Certainly, the mainstream media played a role in solidifying the identification of cannabis with lowered intelligence and achievement; we all remember what our brain looked like on drugs and the years it took us to be able to eat eggs without feeling like a cannibal. All those scientific studies that claimed to prove that marijuana kills brain cells, lowers IQ, and robs users of their motivation were so convincing. The Reagan years put the fear of god into us children of the 80’s; who wanted to take the treacherous toke that would send them down the path to inevitable failure in all aspects of their life? Not to mention that the cannabis community has itself both reveled in and contributed to these perceptions to a great enough extent that it’s at least fair to ask: what came first, the stoner or the stereotype?

 

There is a growing body of evidence that suggests many of our fears about cannabis are inaccurate and irrational. Which would mean many of our ideas about cannabis users are unfounded and even more off base.

 

In two separate studies, both published within the last month, the world saw proof that cannabis consumption does not lower IQ and that marijuana reform in California has not had adverse effects on the health and welfare of children and teens in that state.

 

At the end of September the Center on Juvenile and Criminal Justice released a report that found the dangers of marijuana use are largely a result of its illegality, stating: “getting arrested for marijuana use may be more harmful than the drug itself — at any age.” The study looked at the effects of decriminalizing marijuana for all ages in Massachusetts, Connecticut, and California, compared with legalizing cannabis for adults 21 and older in Washington and Colorado.

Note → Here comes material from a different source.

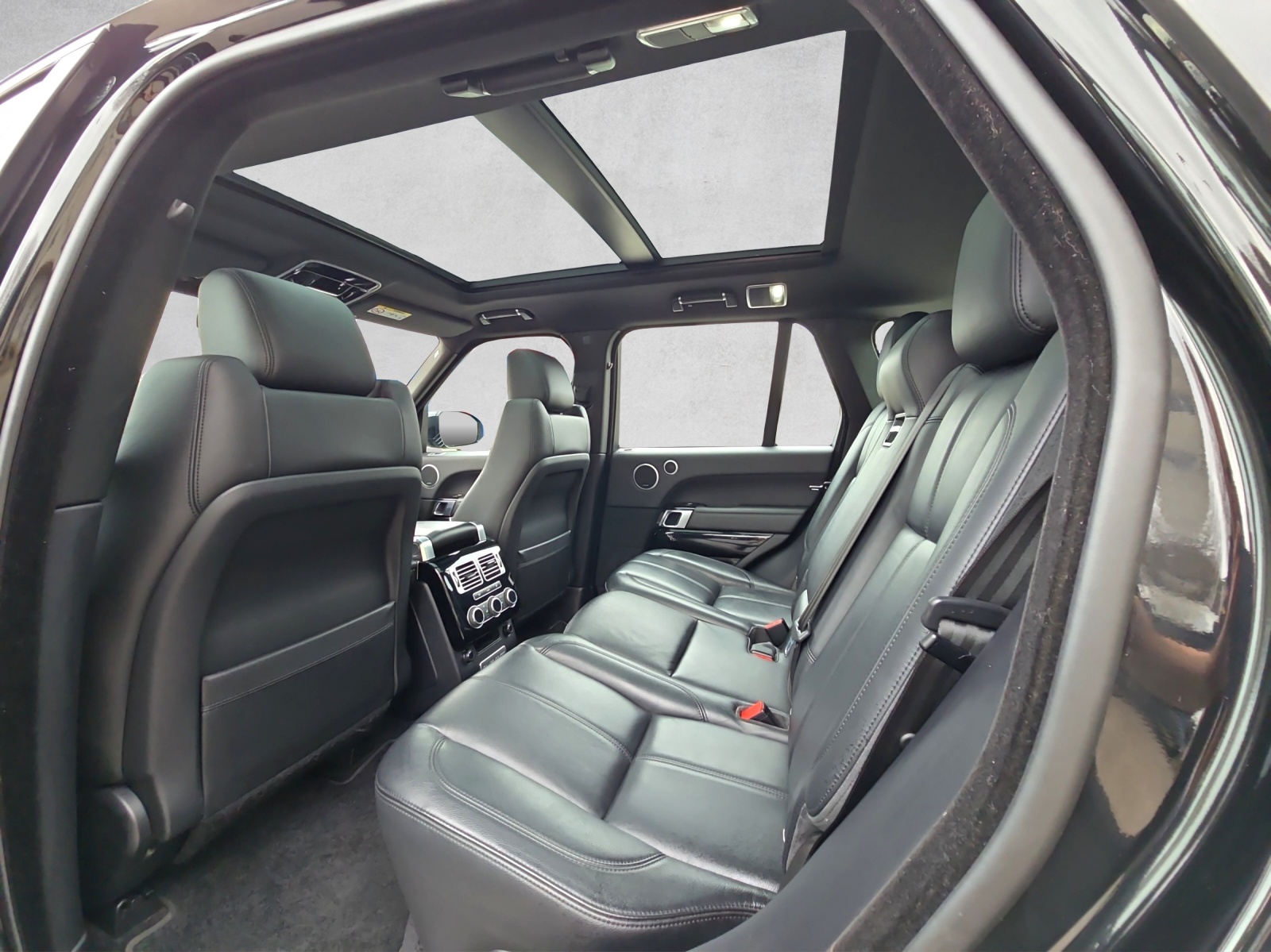 LAND ROVER Range Rover 3.0 V6 TDI Vogue (ZR vo.+hi.NEU)-image-9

With the glaring exception of racial disparities (which continued at similar or increased rates with marijuana law reform), most health and safety outcomes were positive. In fact, the report contends: “Marijuana decriminalization in California has not resulted in harmful consequences for teenagers, such as increased crime, drug overdose, driving under the influence, or school dropout. In fact, California teenagers showed improvements in all risk areas after reform.”

 

And now a large-scale study out of University College London refutes many earlier findings, including those from a 2012 Duke University study, that cannabis use lowers IQ. The scientific investigation followed 2,612 children, a much larger sample population than in the Duke study, from the Bristol area from age eight through adolescence, testing for IQ again at 15. When they adjusted for other relevant factors, researchers found “no relationship between cannabis use and lower IQ at age 15,” not even among heavy users. They did, however, find a correlation between alcohol use and declining IQ.

 

How much more evidence do we need that it’s the war on cannabis that causes harm, not the substance itself? Perhaps the prohibitionists are the ones whose intellect we should be questioning.

 

That’s why I’m dedicating this Out of the Basement to you, smart people. It’s time to come clean that you’re intelligent and you use cannabis, that the two are not mutually exclusive, that they are, indeed, a wonderful and complementary combination. Your enjoyment of marijuana does not mean you’re missing some important part of your brain responsible for evaluating information and exercising good judgment, and it absolutely does not make you stupid. You know this because you’re smart.

 

The cause needs smart people (and not just to make more cool shows about space, though we would not mind more cool shows about space); it needs our voices, our votes, and our vision. Smart people speak out against unjust laws and we demonstrate that we want change; it will, no doubt, be smart people who ensure cannabis legalization becomes a reality.